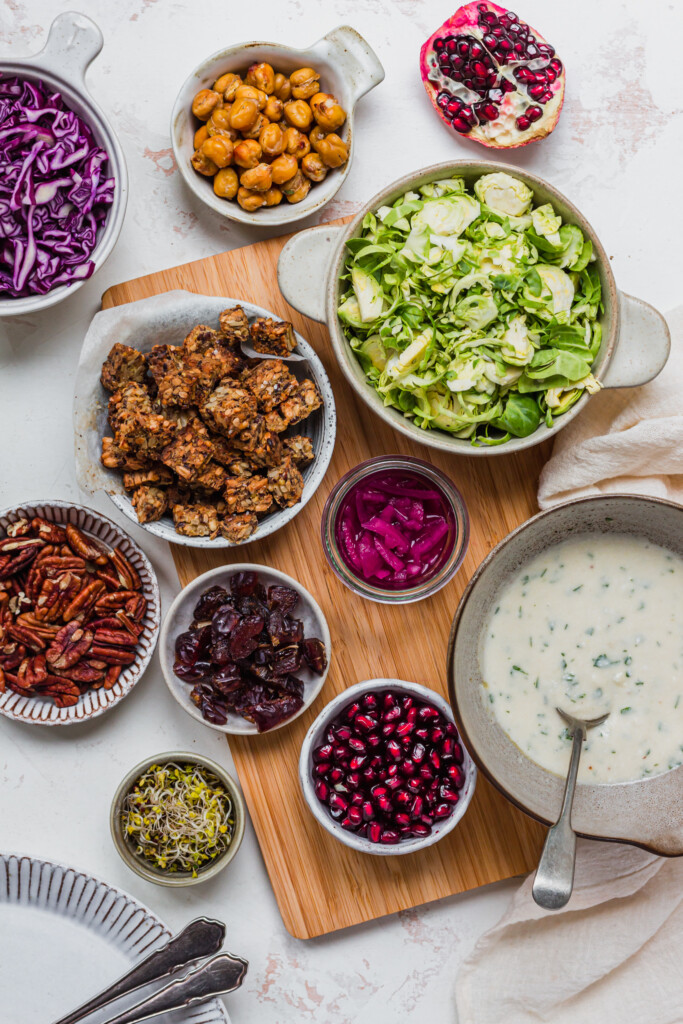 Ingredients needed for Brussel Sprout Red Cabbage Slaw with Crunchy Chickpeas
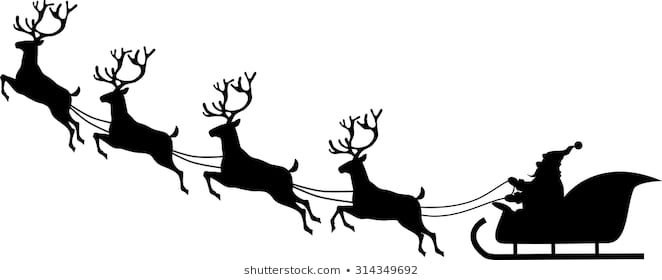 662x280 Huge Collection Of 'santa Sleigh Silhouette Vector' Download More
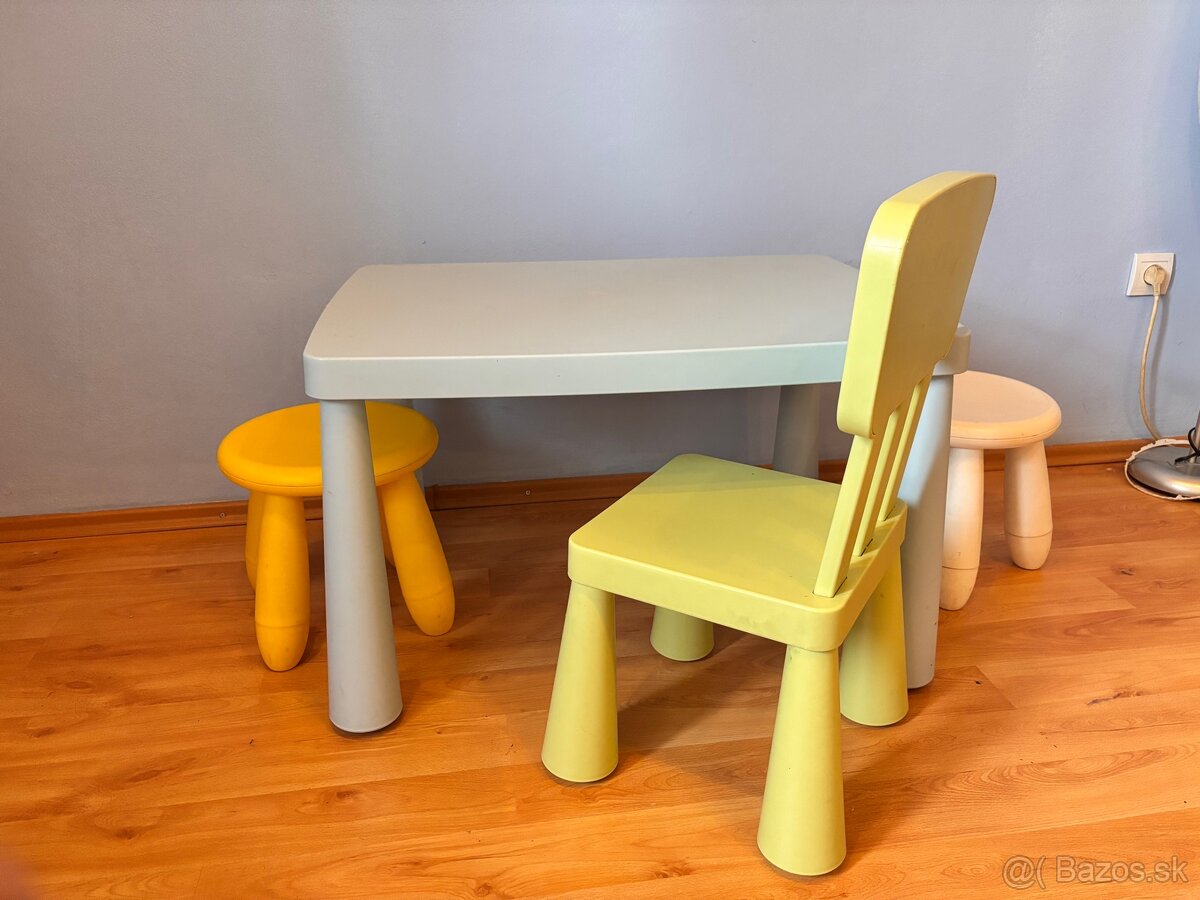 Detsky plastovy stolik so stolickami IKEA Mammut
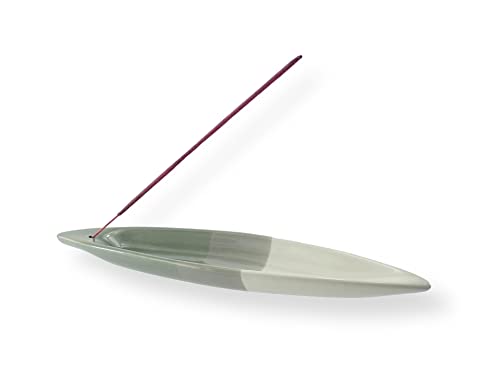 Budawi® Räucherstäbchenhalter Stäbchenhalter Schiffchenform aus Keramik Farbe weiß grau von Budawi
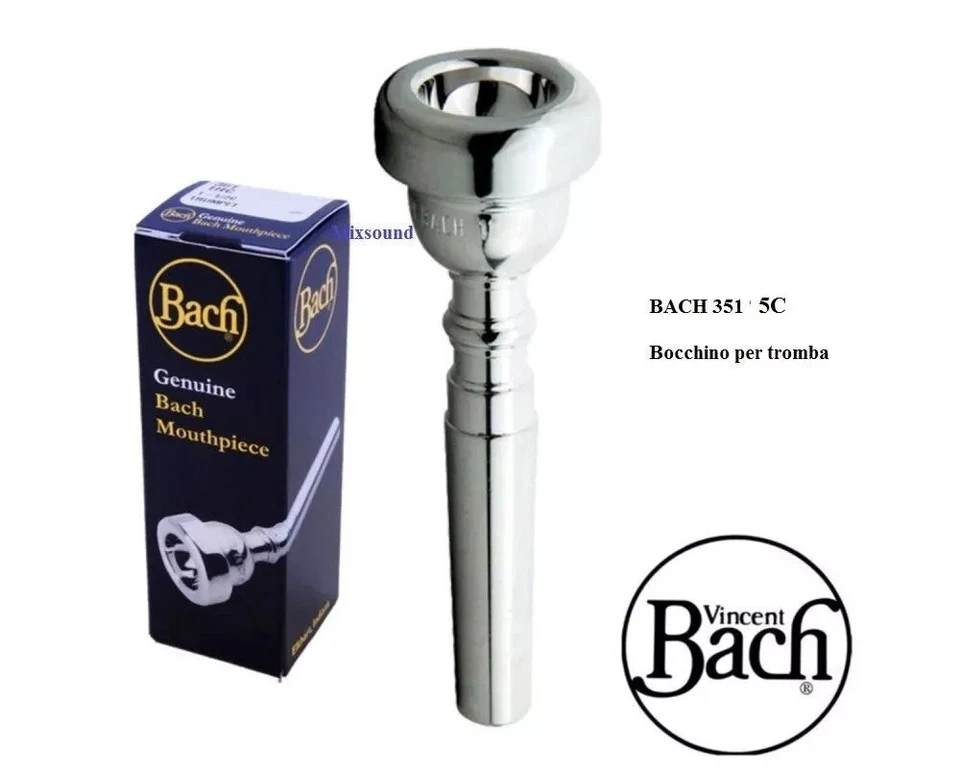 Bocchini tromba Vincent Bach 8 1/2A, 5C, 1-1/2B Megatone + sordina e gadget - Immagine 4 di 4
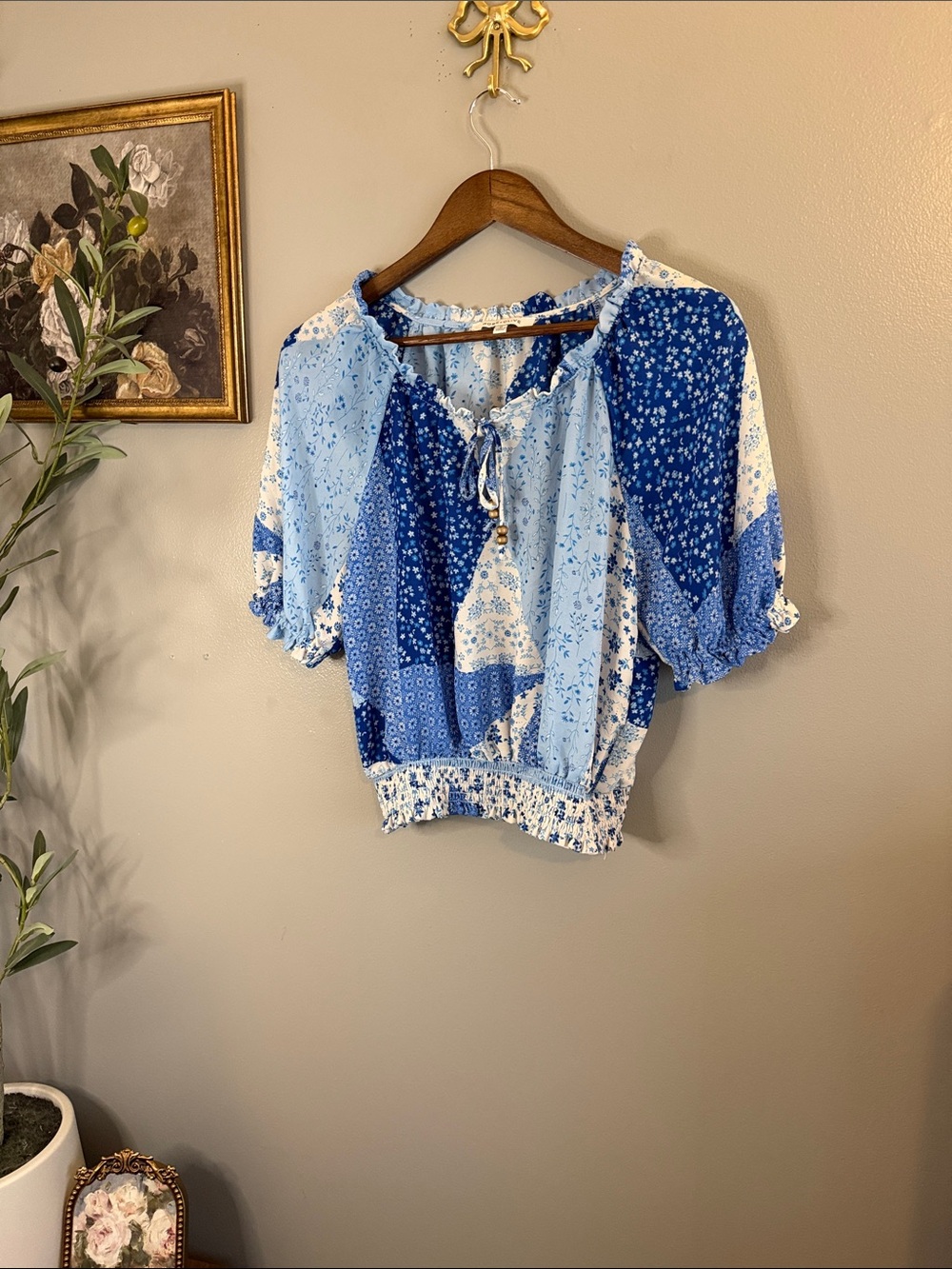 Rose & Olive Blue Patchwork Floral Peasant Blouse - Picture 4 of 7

*Exercise aim*
Could you reproduce exactly, and only, the lines from the one containing "662x280 Huge Collection" through the end of the records above, both included, while leaving out the pictures?

*Result for this exercise*
 662x280 Huge Collection Of 'santa Sleigh Silhouette Vector' Download More
 Detsky plastovy stolik so stolickami IKEA Mammut
 Budawi® Räucherstäbchenhalter Stäbchenhalter Schiffchenform aus Keramik Farbe weiß grau von Budawi
 Bocchini tromba Vincent Bach 8 1/2A, 5C, 1-1/2B Megatone + sordina e gadget - Immagine 4 di 4
 Rose & Olive Blue Patchwork Floral Peasant Blouse - Picture 4 of 7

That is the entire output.